An example of a probabilistic classifier. Commonly used in spam filters (classifies as spam if the probability of spam is higher than not spam)

To model this, it uses Bayes rule:

$$P(y_i = \textrm{spam} | x_i) = \frac{P(x_i | y_i = \textrm{spam})P(y_i = \textrm{spam})}{P(x_i)}$$

Where

- $P(y_i = \textrm{spam})$ is the marginal probability that an e-mail is spam
- $P(x_i)$ is the marginal probability than an e-mail has the set of words $x_i$
- Hard to approximate (lots of ways to combine words)

- $P(x_i | y_i = \textrm{spam})$ is the conditional probability that a spam e-mail has the words $x_i$

## # Optimizations

### # Denominator doesn’t matter

We can actually reframe this to avoid calculating $P(x_i)$ as Naive Bayes just returns spam if $P(y_i = \textrm{spam} | x_i) > P(y_i = \textrm{not spam} | x_i)$

Roughly, denominator doesn’t matter

$$\propto P(x_i | y_i = \textrm{spam})P(y_i = \textrm{spam})$$

### # Conditional Independent Assumptions

Additionally, we assume that *all* features $x_i$ are conditionally independent given label $y_i$ so we can decompose it.

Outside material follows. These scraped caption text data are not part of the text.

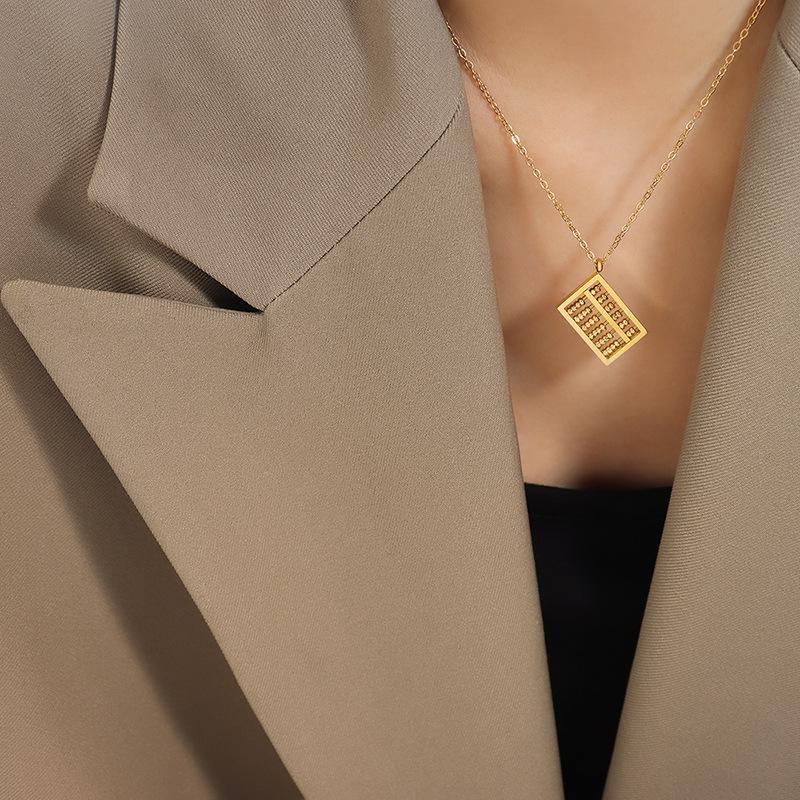 Influencer-Inspired Titanium Steel Abacus Pendant Necklace: Exquisite Design Clavicle Chain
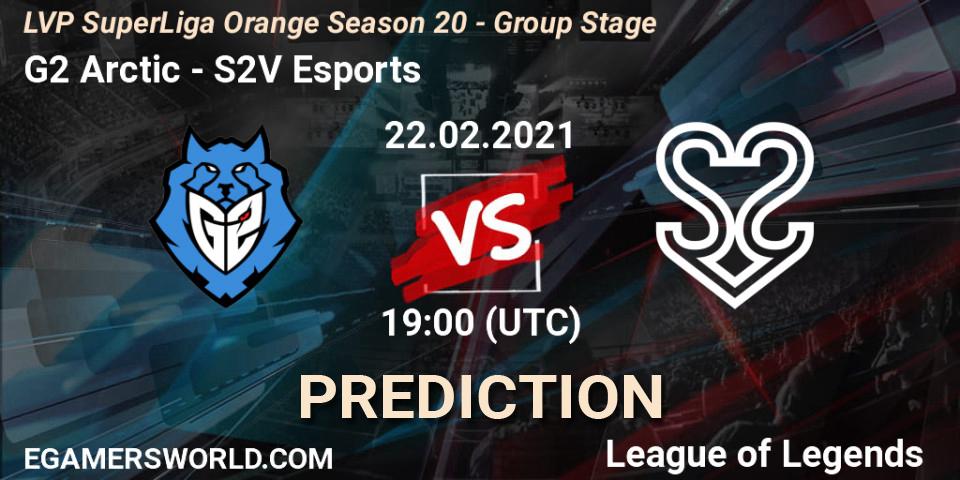 Pronósticos G2 Arctic - S2V Esports. 22.02.2021 at 19:00. LVP SuperLiga Orange Season 20 - Group Stage - LoL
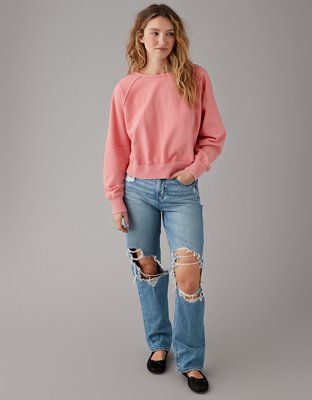 Женские худи American Eagle AE Long-Sleeve Cropped Twist-Back Sweatshirt — фото 5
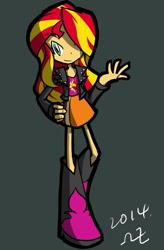 Size: 723x1105 | Tagged: safe, artist:rvceric, sunset shimmer, equestria girls, boots, clothes, jacket, simple background, skirt, solo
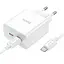 Адаптер сетевой HOCO Type-C to Type-C Cable Leader dual port(2C) charger C108A белый набор для зарядки - миниатюра 4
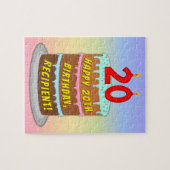 20e verjaardag: Fun Cake and Candles + Custom Name Legpuzzel (Horizontaal)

$$\approx \prod_{j=1}^d P(x_{ij}|y_i)P(y_i)$$

## # Laplace Smoothing

If we have no spam messages with lactase, then $P(lactase | spam) = 0$ so spam messages with lactase automatically get through!

Our estimate of $P(lactase | spam) = 0$ is $\frac{\textrm{# spam messages with lactase}}{\textrm{# spam messages}} = \frac{0}{\textrm{# spam messages}}$

We can add $\beta$ to the numerator and $\beta k$ to the denominator, which effectively adds $\beta k$ fake examples: $\beta$ for each $k$ where $k$ is a possible class (2 for a binary classifier)

So for our binary spam classifier (with $\beta = 1$):

$$\frac{\textrm{# spam messages with lactase} + 1}{\textrm{# spam messages} + 2}$$